I finally settled on jets3t, which is an open source Java command-line app. It was written by James Murty, who literally wrote the book on Amazon S3. Jets3t is well supported, simple to use, and most of all, It Just Works (for me). Jets3t offers a whole suite of tools; I ended up using the command line Synchronize app. After a few test runs between a small set of data and an S3 bucket, I was ready to turn it loose on my personal files.

Here's the Jets3t command I used to run the backup.

bin/synchronize.sh -g -b UP bucketName/backups/readynas /Volumes/personal

It took about a week to back up all 30gigs of my personal folder. Synchronize is remarkably robust; while it encountered S3 errors every now and then, the Synchronize app retried the requests accordingly and never crashed. I was lucky that Amazon was offering free data transfer for the month of June (they have since extended that offer until November).

This command runs every 2 weeks. The initial upload took a while, but each incremental backup after that shouldn't take too long.

Looking forward

This system works well for now, but I keep wondering if it will scale. I use 100Gigs as an imaginary limit. Storing 100Gigs will cost $15/month. I'd be willing to pay that much of peace of mind. I estimate I'm still years away from 100Gigs, but who knows. As we take more photos, and as personal video takes a more prominent role in our media, we may reach it faster than I think.
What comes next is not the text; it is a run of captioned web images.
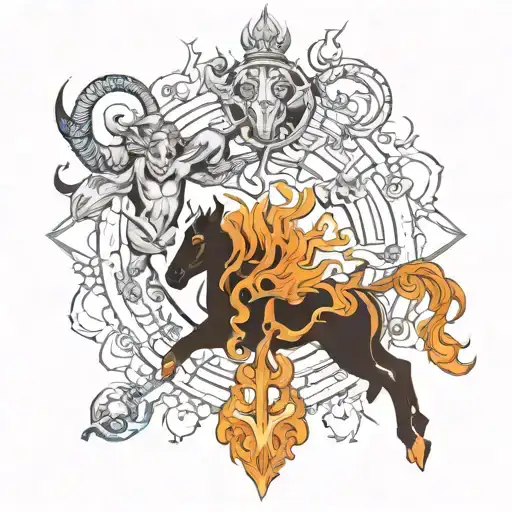 fire flame with zodiac signs leo, aries and Sagittarius incorpoted  tattoo design idea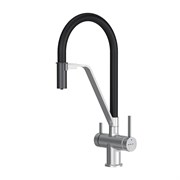 AM.PM Func Смеситель для кухни с каналом для питьевой воды и гибким изливом, сатин,черн. излив F8F07812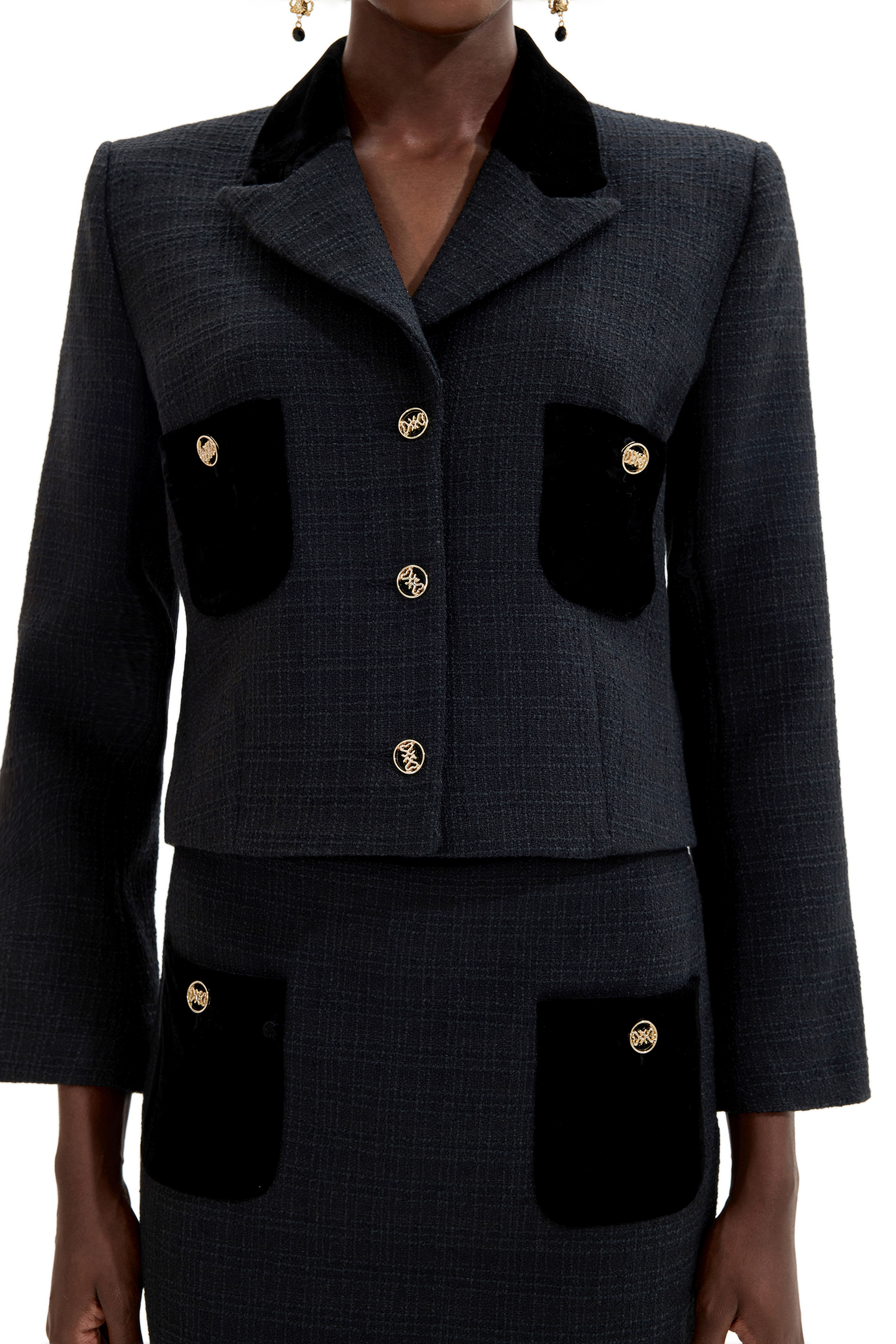 Splicing Metal Button Velvet Blazer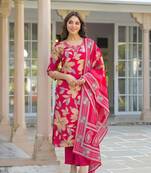 Women pink viscose floral embroidered straight kurta trousers with dupatta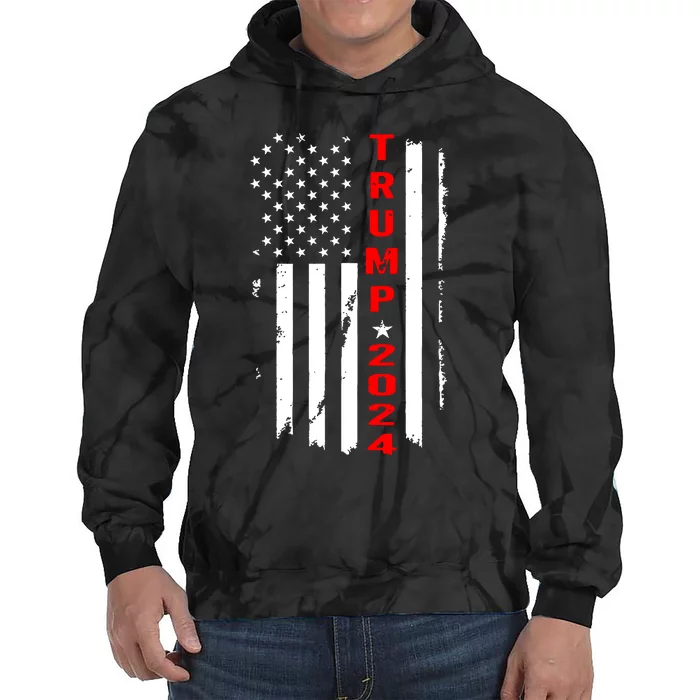 Trump 2024 American Flag Vintage Tie Dye Hoodie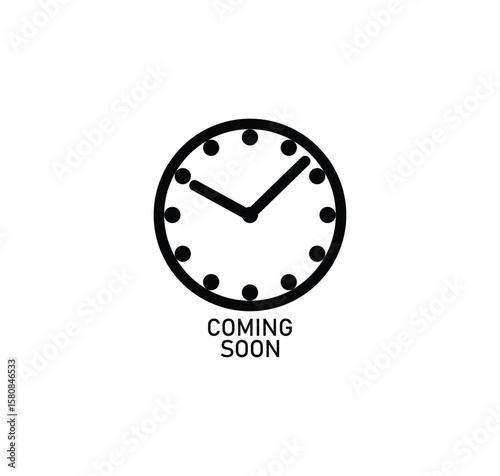 Black Coming Soon Clock Icon – Minimal Countdown Time Symbol Design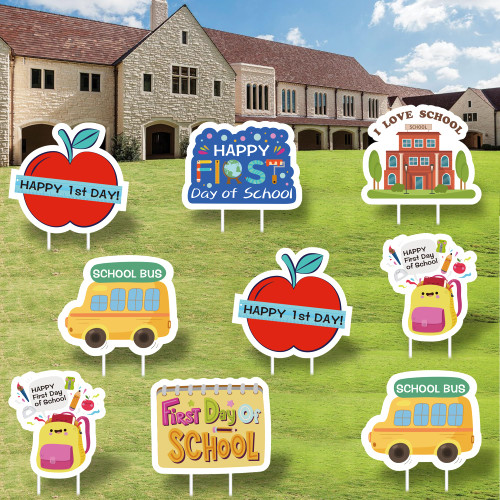 9pcs Happy First Day of School Yard Decorations, Back to School Decoration With Stakes for First Day of School Classroom Outdoor Garden Lawn School Bus Apple Pattern Welcome Back to School Decorations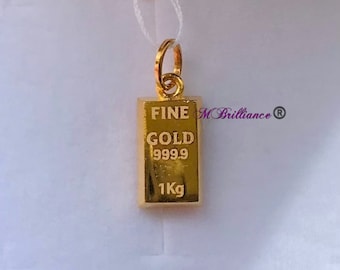 Gold bar 22k solid gold pendant 916 Gold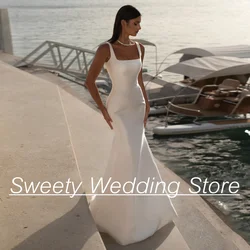Simple Mermaid Wedding Dress Modern Bridal Gown 2024 Square Neck Sleeveless Backless Sweep Train Vestido De Noiva Bride Dresses
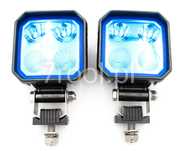 Lampa robocza LED, kwadratowa, niebieska, zestaw 2 szt.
I also have to consider the cost of restoring 100Gigs of data. At our present bandwidth, that could take weeks. Amazon does offer an Import/Export service (you send them a drive, they put your data on it and send it back); that sounds like a much better option for large amounts of data. Hopefully by the time I reach that much data, bandwidth speeds will have improved, or there will be better options at a lower cost.